Monday, Jan. 14, 1980
Bunker Hunt's Comstock Lode
While bullion buffs have been ringing up spectacular profits, Dallas Megamillionaire Nelson Bunker Hunt, 53, should have been quietly humming Silver Threads Among the Gold. As the nation's paramount silver hoarder. Hunt and at least one brother, William Herbert Hunt, have amassed a new Comstock Lode. Over the past nine months they have earned an estimated $2 billion to $4 billion, and one former business associate sets the Hunts' silver holdings at 100 million oz. Even for a man who could play Monopoly with real money, the silver boom is stunning.
Bunker Hunt, as friends call him, is one of ten children of Texas Oil Billionaire H.L. Hunt. Bunker inherited millions and a penchant for controversy from his father, who before his death in 1974 promoted far-right political causes and crawling as an exercise. The family could be a model for the Swings on TV's Dallas. Bunker leads the six children from his father's first marriage in business deals and feuds with the four children of the patriarch's second family.
In 1975 Bunker and Herbert were tried in federal court on charges of having tapped the phones of their father's business associates as part of an alleged attempt to stop him from bequeathing too much to the last four heirs. The two brothers were acquitted, although a pair of private detectives working for them went to jail. A federal judge ruled 2% years ago that the same brothers and five of their children had illegally exceeded the limits on purchases on the nation's soybean market.
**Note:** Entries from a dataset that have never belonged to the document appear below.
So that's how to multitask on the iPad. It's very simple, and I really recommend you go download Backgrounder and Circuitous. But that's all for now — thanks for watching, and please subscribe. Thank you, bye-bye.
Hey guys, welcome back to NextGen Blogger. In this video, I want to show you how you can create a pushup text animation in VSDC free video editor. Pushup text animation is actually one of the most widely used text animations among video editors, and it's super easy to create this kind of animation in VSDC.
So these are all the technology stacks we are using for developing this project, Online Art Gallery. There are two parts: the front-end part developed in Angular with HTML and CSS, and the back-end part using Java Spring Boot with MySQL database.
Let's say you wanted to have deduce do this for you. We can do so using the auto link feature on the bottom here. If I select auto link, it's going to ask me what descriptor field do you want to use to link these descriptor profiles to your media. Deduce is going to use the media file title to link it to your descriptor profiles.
Bunker also directs first-family control of Hunt International Resources Corp., one of the nation's largest beet-sugar processors and owner of the Shakey's pizza chain. Brother Lamar, owner of the Kansas City Chiefs, is a partner in the first family's petroleum company, Placid Oil. The second family owns Hunt Oil.
Bunker Hunt ventured into silver in 1973 after Libya nationalized his 8-million-acre oil holdings. Says Hunt: "Silver looked safer than overseas oil concessions the way things were going. And precious metals were a good hedge against paper money." In late 1973, when the price was around $3 an oz., Bunker and Herbert went into silver Texas-style, buying an estimated 35 million oz. of silver futures. The brothers waged a bitter fight in 1977 to buy control of Sunshine Mining Co., which owns the nation's largest silver mine. In a rare defeat, their offer was rebuffed as too late and too low. Last year the Hunts went in even deeper, increasing their holdings by an estimated 23 million oz. Rumors spread that the family was out to corner the world silver market.
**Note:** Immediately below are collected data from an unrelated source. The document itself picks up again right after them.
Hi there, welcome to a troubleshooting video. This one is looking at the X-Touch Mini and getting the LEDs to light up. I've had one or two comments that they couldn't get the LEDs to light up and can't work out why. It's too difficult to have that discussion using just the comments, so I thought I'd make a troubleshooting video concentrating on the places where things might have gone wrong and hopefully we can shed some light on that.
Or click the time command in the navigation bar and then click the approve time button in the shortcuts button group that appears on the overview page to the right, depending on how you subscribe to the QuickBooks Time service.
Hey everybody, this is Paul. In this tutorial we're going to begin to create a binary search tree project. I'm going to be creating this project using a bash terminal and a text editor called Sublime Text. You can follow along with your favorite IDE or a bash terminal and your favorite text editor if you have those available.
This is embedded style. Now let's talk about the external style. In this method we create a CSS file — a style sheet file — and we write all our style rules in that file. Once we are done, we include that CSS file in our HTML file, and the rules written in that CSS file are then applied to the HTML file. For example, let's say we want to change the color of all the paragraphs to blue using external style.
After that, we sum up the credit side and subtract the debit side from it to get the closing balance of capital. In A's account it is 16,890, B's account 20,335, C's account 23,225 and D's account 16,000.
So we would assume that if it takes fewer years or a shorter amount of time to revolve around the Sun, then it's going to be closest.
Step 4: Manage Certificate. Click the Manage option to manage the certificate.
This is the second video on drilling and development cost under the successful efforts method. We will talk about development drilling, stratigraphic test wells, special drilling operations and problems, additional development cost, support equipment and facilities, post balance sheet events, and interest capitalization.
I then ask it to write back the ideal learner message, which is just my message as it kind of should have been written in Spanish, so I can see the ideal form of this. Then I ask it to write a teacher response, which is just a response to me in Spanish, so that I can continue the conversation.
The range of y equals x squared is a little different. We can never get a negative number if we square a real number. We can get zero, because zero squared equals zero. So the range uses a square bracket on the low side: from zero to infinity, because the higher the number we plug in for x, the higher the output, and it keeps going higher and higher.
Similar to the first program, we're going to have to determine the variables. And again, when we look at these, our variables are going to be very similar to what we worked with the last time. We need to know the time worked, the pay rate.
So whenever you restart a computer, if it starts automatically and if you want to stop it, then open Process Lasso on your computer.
Bunker Hunt has also used his silver touch on horse breeding. He reputedly owns more thoroughbreds than anyone else in the world; 600 horses wear his light and dark green racing silks. Exceller, a horse he bought for $25,000, later earned more than $1.5 million in prize money. After Hunt became the first American to win both the French and English derbies, in 1976, Baron Guy de Rothschild, president of the French Breeders Association, restricted many French races to horses bred in European Community countries.
But Bunker Hunt, who dresses like a hay dealer and has been described as resembling "Burl Ives in a Tennessee Williams play," was never much for the international horsy set. He neither smokes nor drinks. Last year he spent $3 million bankrolling the new Warner Bros, film Jesus, and he heads the billion-dollar fund-raising drive for the fundamentalist Christian Campus Crusade.
In Dallas, Bunker Hunt is known as a mercurial businessman. Says one former associate: "He can spend several hours dealing with something like the menus at Shakey's and then make a multimillion-dollar decision in five minutes with only one-third of the facts and his prejudice." He once objected to hiring a pizza chain executive because he drove a red Jaguar XKE.
Hunt likes to slip away to his 3,000-acre Circle T Ranch, about 20 miles outside Dallas. There he surveys his horses and plots business deals. Selling off silver, though, is not one of his plans. Last October he told the president of the Chicago Board of Trade that he had no intention of unloading the family silver. Hunt explains that because of prodigious profits, "if you sell, you get into a tax problem." Some problem.